• _How to complete this task_
An exact restatement of the data below, with the pictures removed, is the required answer.

• _Dataset extract_
____________

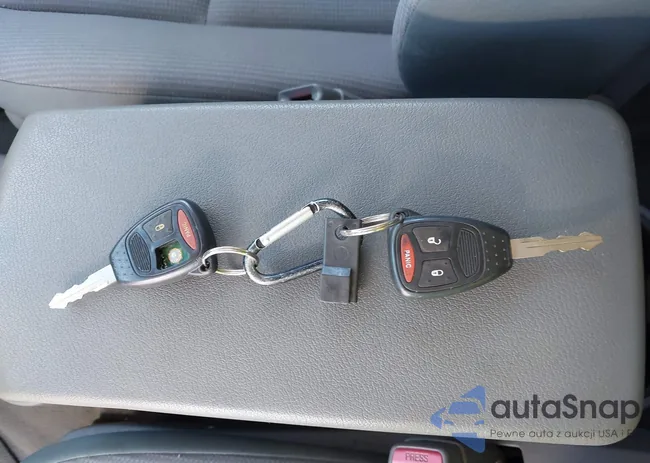 1D8HB38P76F186093: 42320221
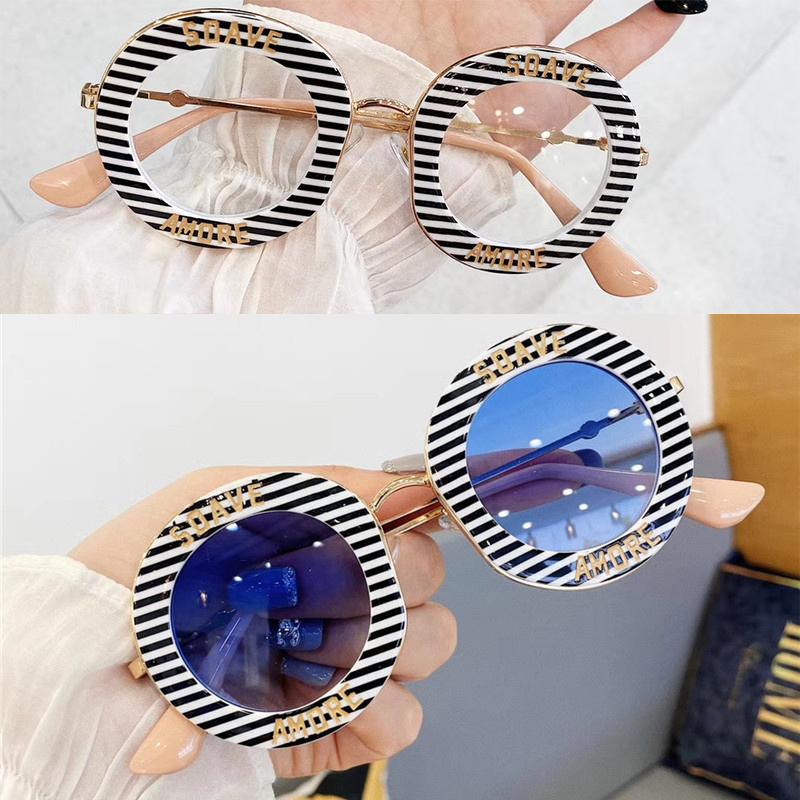 Sunglasses High Quality Vintage Luxury Women Letter Round Glasses Stripe Frame Eyewear Shades Clear Lens Uv400 Optical
Sunglasses High Quality Vintage Luxury Women Letter Round Glasses Stripe Frame Eyewear Shades Clear Lens Uv400 Optical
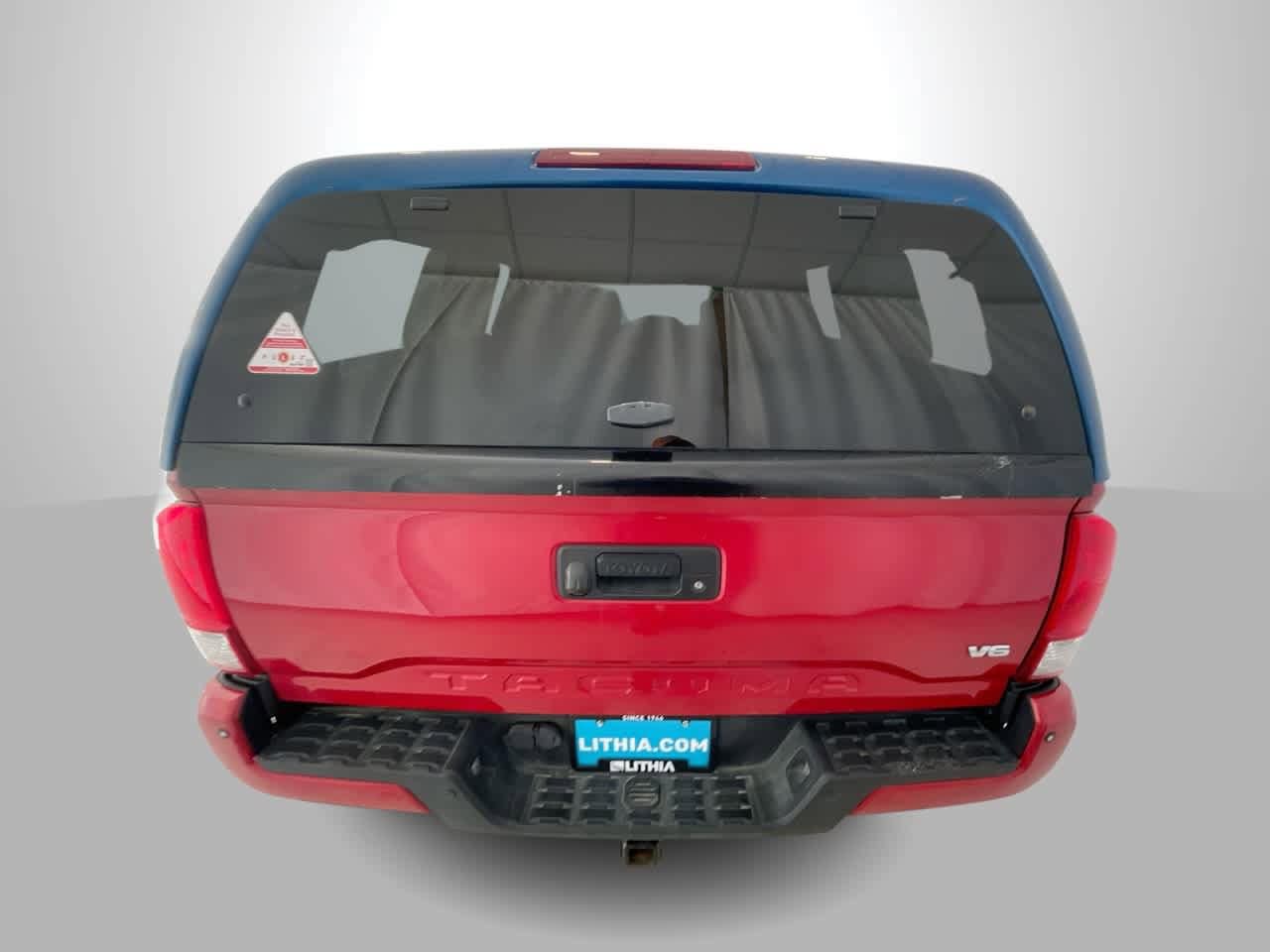 Thumbnail: 2017 Toyota Tacoma - 7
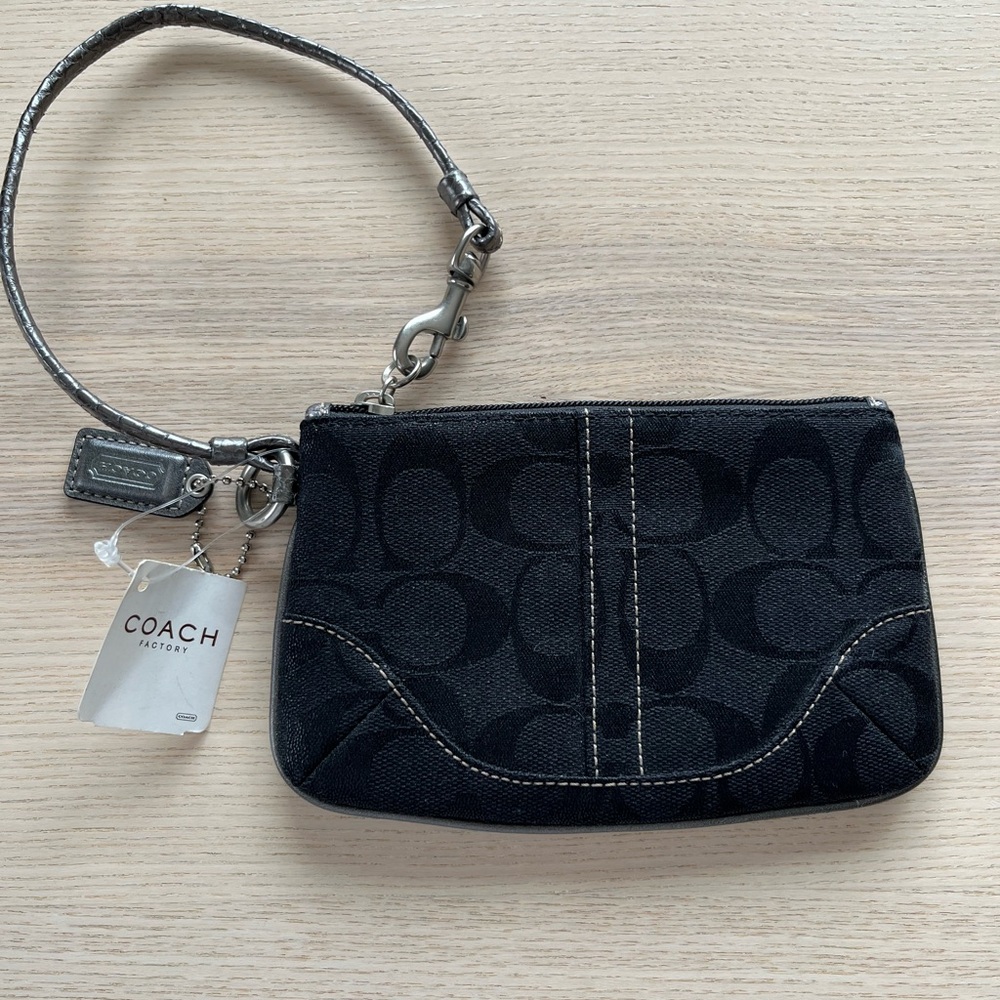 SOLD ⛔️ NWT Coach Wristlet With Signature C’s and Exotic Leather Trim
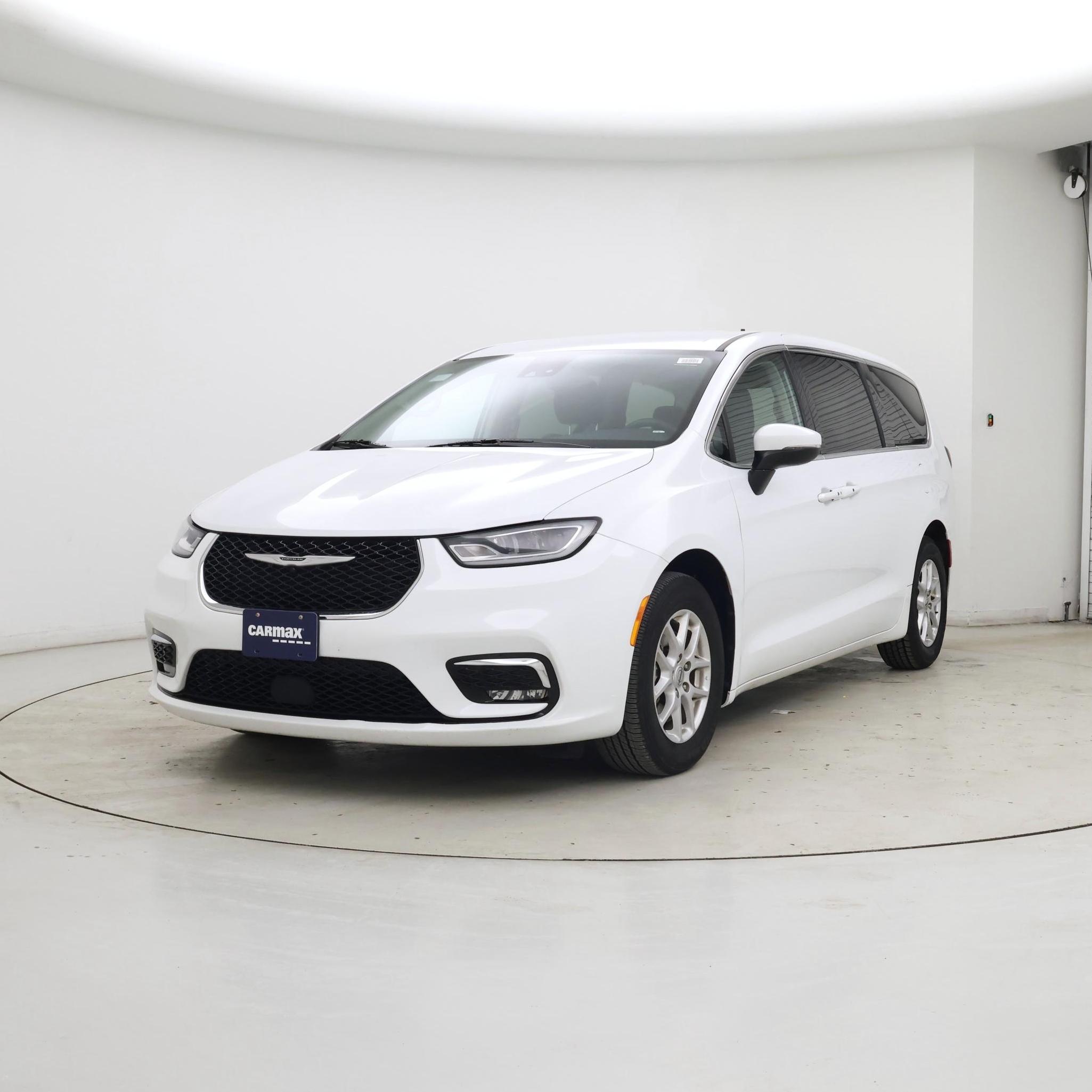 Thumbnail: 2023 Chrysler Pacifica - 4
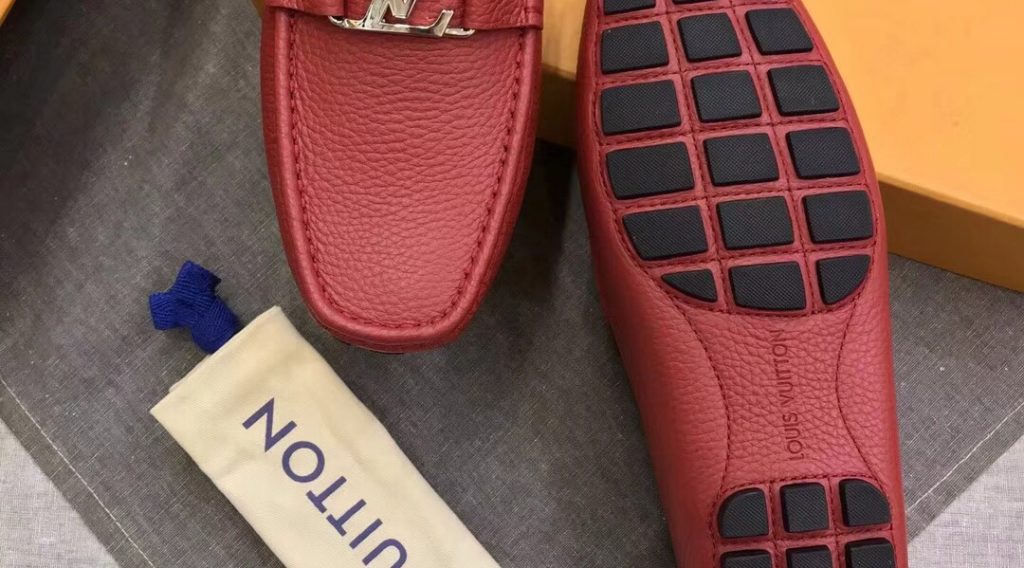 z1059381523997 061194894510919aff87a5f7e8f4fdd2 1024x568 - Gi&agrave;y nam Louis Vuitton si&ecirc;u cấp VIP - GNLV0170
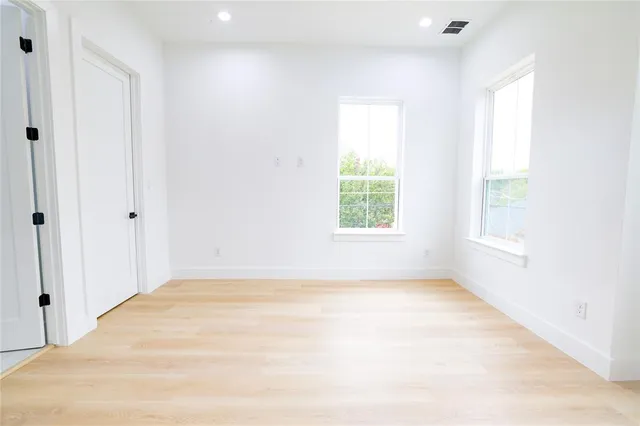 $4,154 | 306 East 7th Street, Dallas, TX 75203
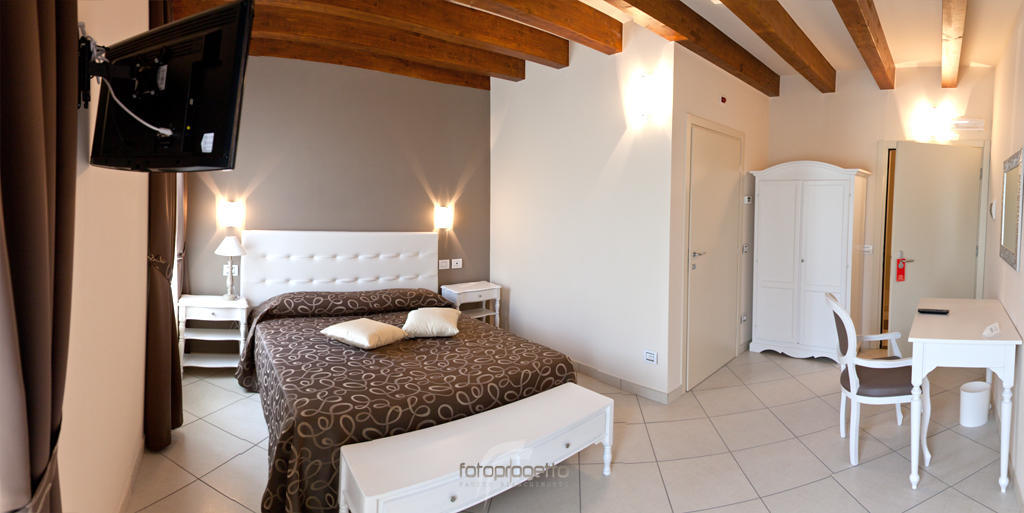 Albergo Roma Borgo Val di Taro Zimmer foto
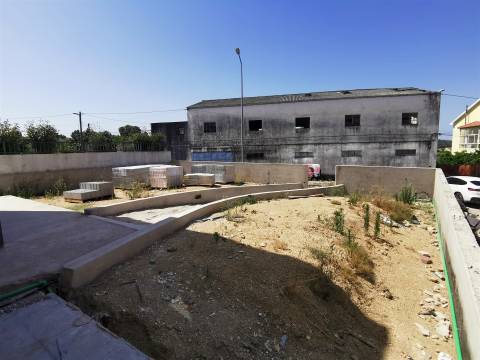 Moradia isolada T4+2 com Piscina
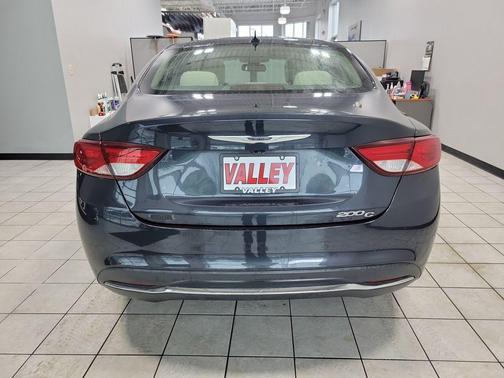 2016 Chrysler 200 C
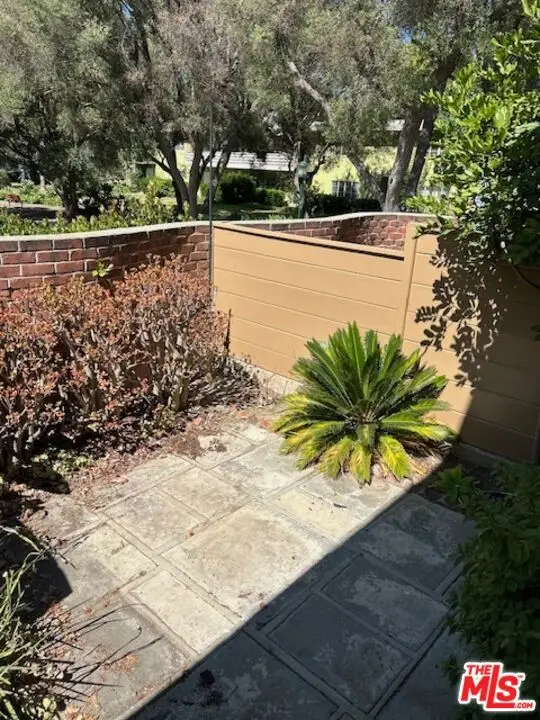 5198 1/2 Village, Los Angeles, CA 90016 - Image #3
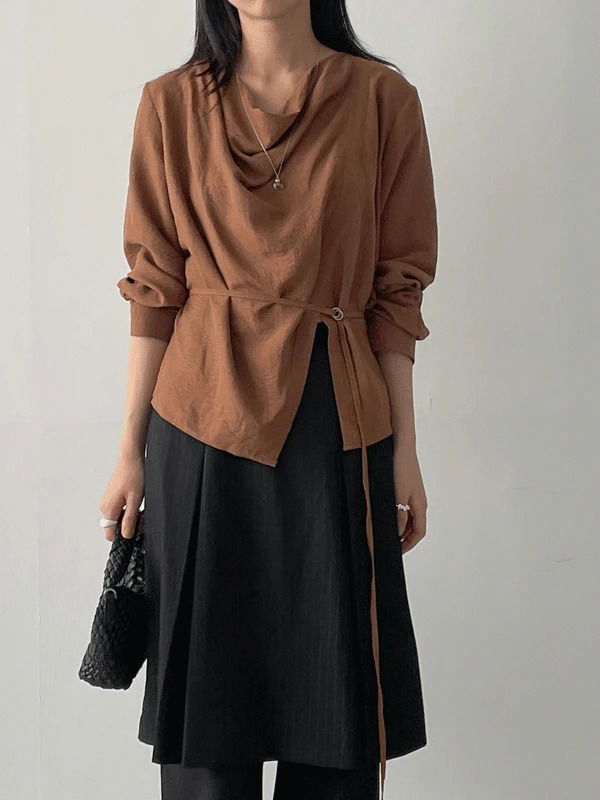 垂墜開衩圓領綁帶襯衫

____________

• _Written solution_
 1D8HB38P76F186093: 42320221
 Sunglasses High Quality Vintage Luxury Women Letter Round Glasses Stripe Frame Eyewear Shades Clear Lens Uv400 Optical
Sunglasses High Quality Vintage Luxury Women Letter Round Glasses Stripe Frame Eyewear Shades Clear Lens Uv400 Optical
 Thumbnail: 2017 Toyota Tacoma - 7
 SOLD ⛔️ NWT Coach Wristlet With Signature C’s and Exotic Leather Trim
 Thumbnail: 2023 Chrysler Pacifica - 4
 z1059381523997 061194894510919aff87a5f7e8f4fdd2 1024x568 - Gi&agrave;y nam Louis Vuitton si&ecirc;u cấp VIP - GNLV0170
 $4,154 | 306 East 7th Street, Dallas, TX 75203
 Albergo Roma Borgo Val di Taro Zimmer foto
 Moradia isolada T4+2 com Piscina
 2016 Chrysler 200 C
 5198 1/2 Village, Los Angeles, CA 90016 - Image #3
 垂墜開衩圓領綁帶襯衫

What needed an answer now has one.